Example: Showing the average claim amount per adjuster.

```python
sns.barplot(x=df['Adjuster'], y=df['Claim_Amount'], estimator=np.mean)
```

2. Countplot (`sns.countplot()`)
Automatically counts occurrences: It works directly with categorical data and plots the frequency of each category.

No need for explicit aggregation: It automatically calculates the count of each unique value in the category column.

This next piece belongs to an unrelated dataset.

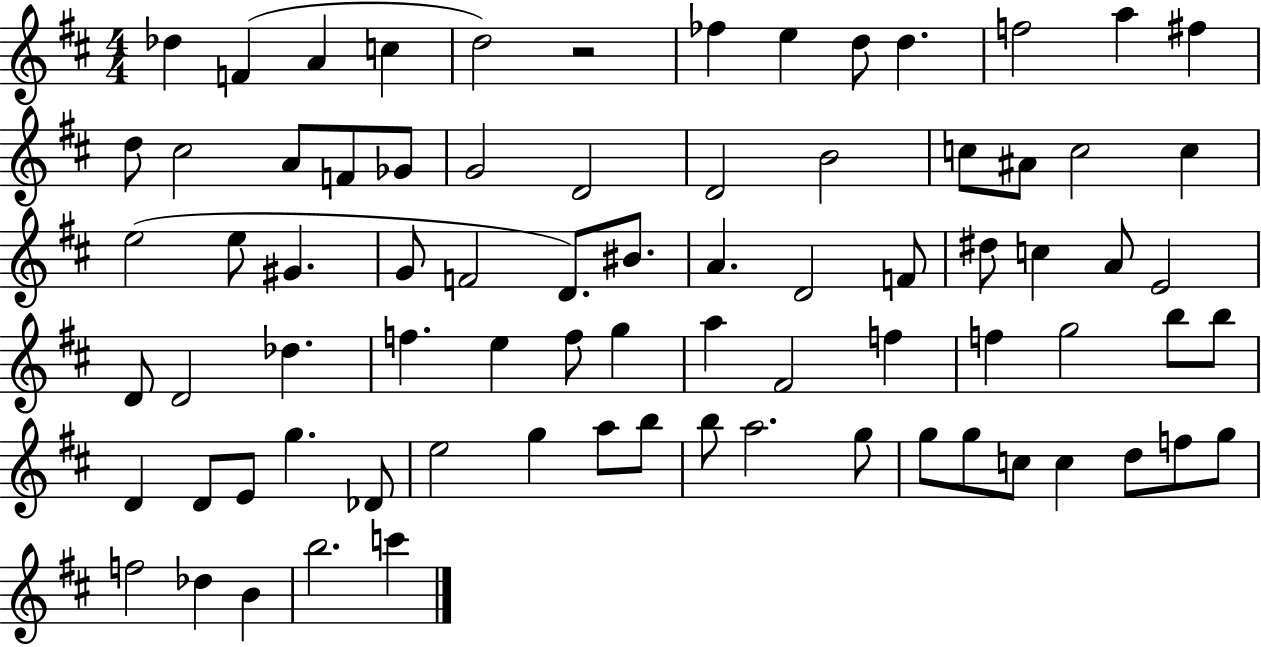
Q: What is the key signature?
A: D major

Example: Showing how many claims each adjuster has handled.

```python
sns.countplot(y=df['Adjuster'])
```

#### Summary



| Feature        | Bar Chart (`barplot`)       | Countplot (`countplot`)  |
|---------------|-----------------------------|-------------------------|
| **Data Input** | Categorical + numerical | Only categorical |
| **Aggregation** | Requires explicit aggregation (e.g., mean, sum) | Counts occurrences automatically |
| **Use Case** | Comparing values across categories | Counting occurrences of categories |


## **Conclusions on Countplots**
Countplots are a powerful visualization tool for analyzing **categorical data frequency**. They are especially useful in **insurance and accounting analytics** because they:
- **Quickly summarize categorical distributions** – Making it easy to see which categories appear most frequently.
- **Highlight trends and imbalances** – Identifying high-risk locations, commonly used service providers, or frequent claim types.
- **Detect anomalies** – Large variations in frequency could indicate fraud, data entry errors, or unexpected trends.
- **Enhance data-driven decision-making** – Helping insurers, auditors, and financial analysts make better-informed policy and business decisions.

By understanding **when to use a countplot versus a bar chart**, analysts can effectively visualize data **to extract meaningful insights and drive business intelligence**.